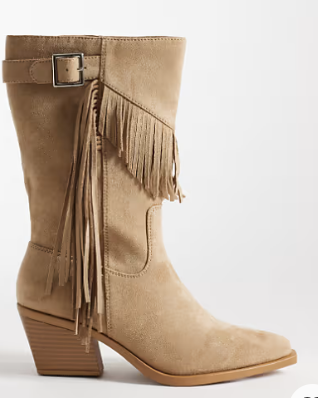 Tan Suede Fringe Cowboy Boots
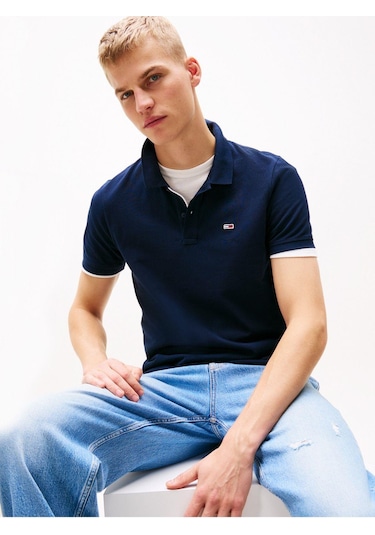Tommy Hilfiger Tjm Slım Placket Polo Ext-8548 Dark Night Navy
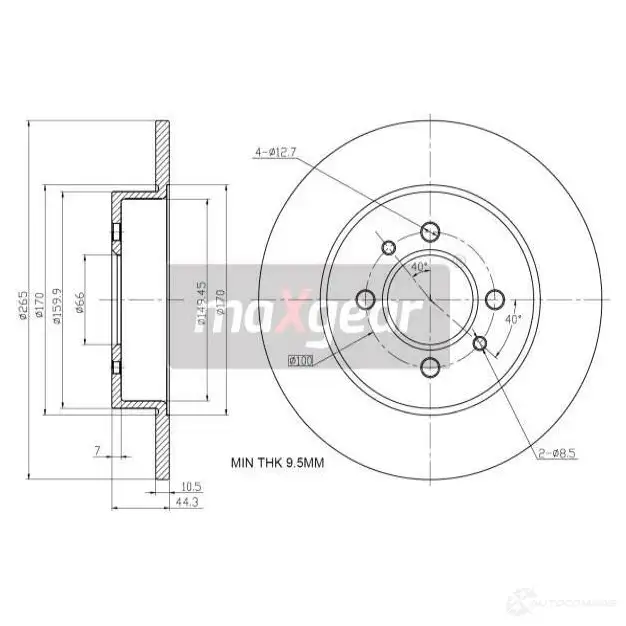 Тормозной диск MAXGEAR 2836013 R SWWF 190764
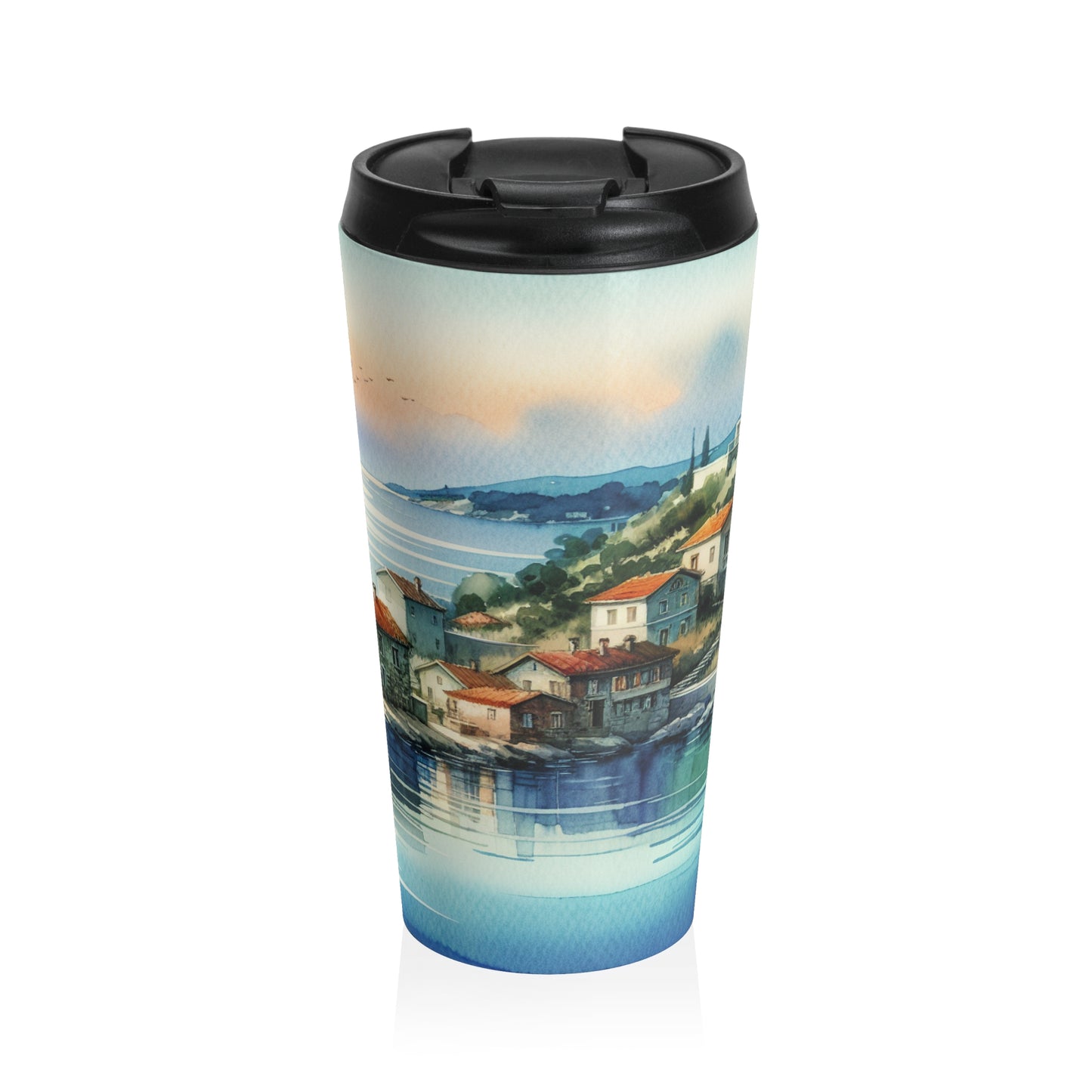 "Glimpse of a Seaside Haven" - Taza de viaje de acero inoxidable alienígena estilo pintura de acuarela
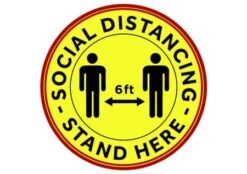 Winco PFD-12Y Anti-Slip Social Distancing Round Floor Decal, 12" 10/Pack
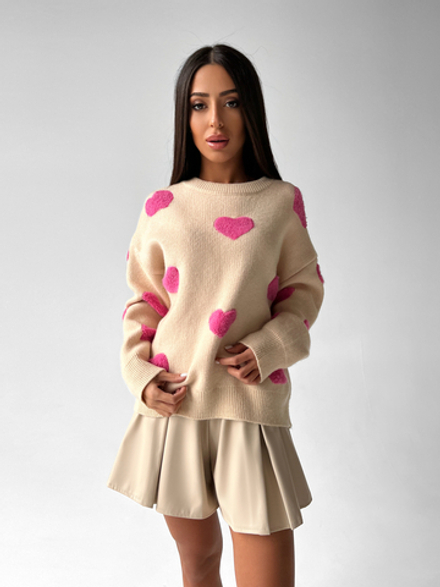 Свитер Yixuan 5011 трикотажный на манжете с сердцами однотонный светло-бежевый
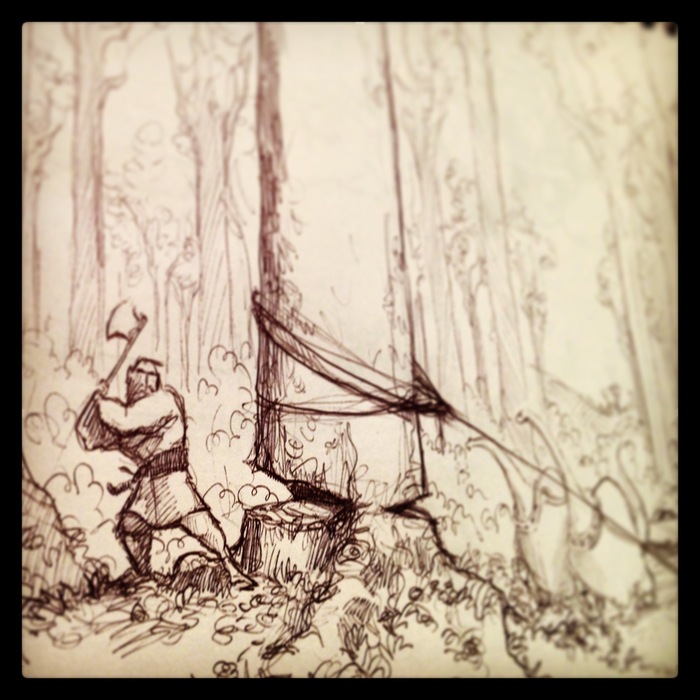 Early concept drawing of Noah felling the Gopher Wood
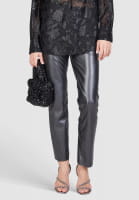 Leather-look trousers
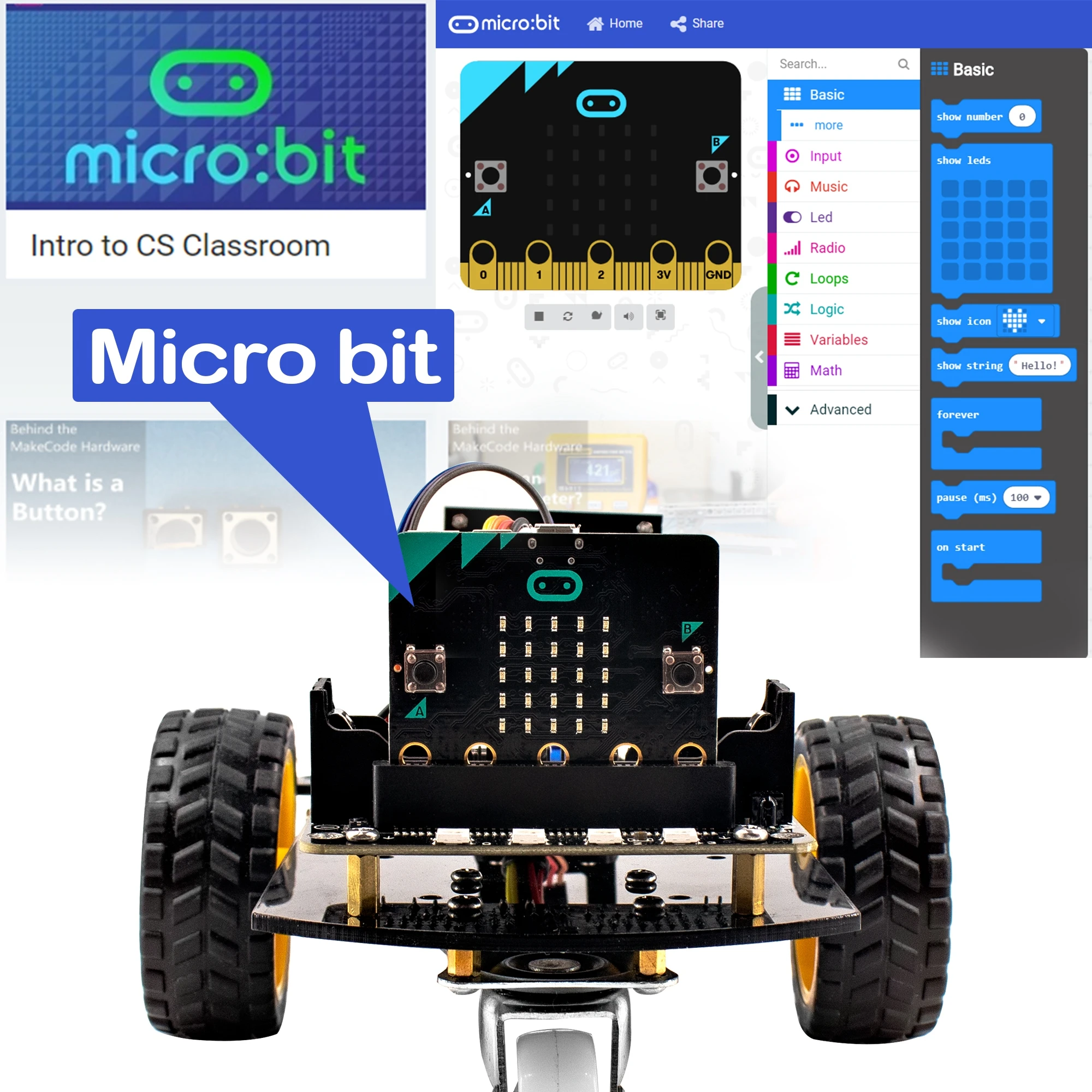 Multi Smart Robot Car Kit V2.0 for Microbit Robot Intelligent and Educational Toy Car Robotic Kit with Tutorial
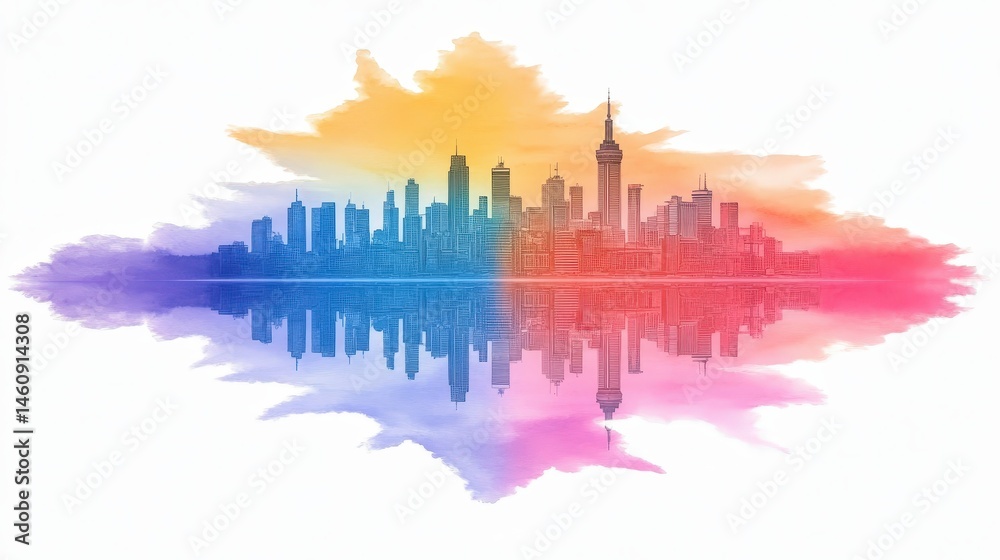 Obraz premium Cityscape Watercolor Reflection Modern Urban Skyline Minimalist Design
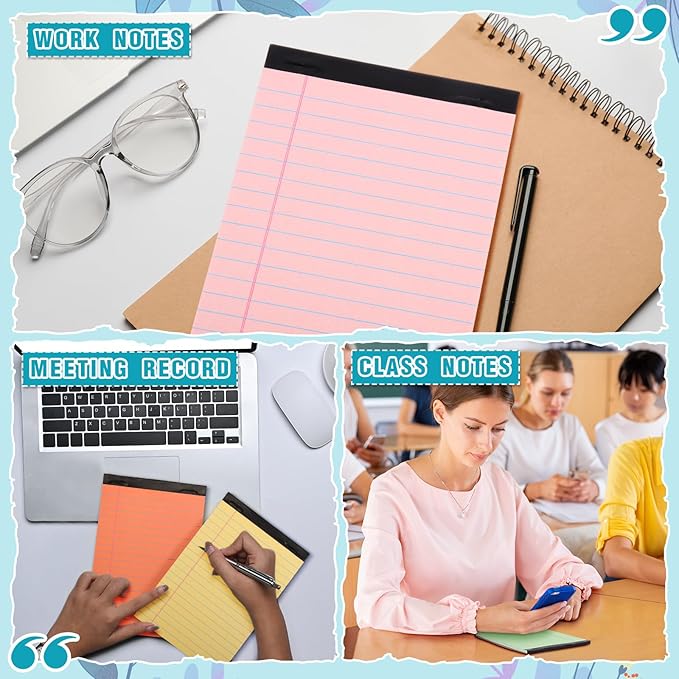 Lincia 24 Pcs 4" x 6" Legal Pad Writing Notepads Small Legal Pad College Ruled 30 Sheets Multiple Color Lined Note for Work 80 Gsm Paper for Grocery List Shopping List (Bright Color)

#### What you have to do:
In your answer, repeat all the entries exactly, but leave out the pictures.

#### Written solution:
 Tan Suede Fringe Cowboy Boots
Tommy Hilfiger Tjm Slım Placket Polo Ext-8548 Dark Night Navy
 Тормозной диск MAXGEAR 2836013 R SWWF 190764
 "Glimpse of a Seaside Haven" - Taza de viaje de acero inoxidable alienígena estilo pintura de acuarela
 Winco PFD-12Y Anti-Slip Social Distancing Round Floor Decal, 12" 10/Pack
 Свитер Yixuan 5011 трикотажный на манжете с сердцами однотонный светло-бежевый
 Early concept drawing of Noah felling the Gopher Wood
 Leather-look trousers
 Multi Smart Robot Car Kit V2.0 for Microbit Robot Intelligent and Educational Toy Car Robotic Kit with Tutorial
 Obraz premium Cityscape Watercolor Reflection Modern Urban Skyline Minimalist Design
 Lincia 24 Pcs 4" x 6" Legal Pad Writing Notepads Small Legal Pad College Ruled 30 Sheets Multiple Color Lined Note for Work 80 Gsm Paper for Grocery List Shopping List (Bright Color)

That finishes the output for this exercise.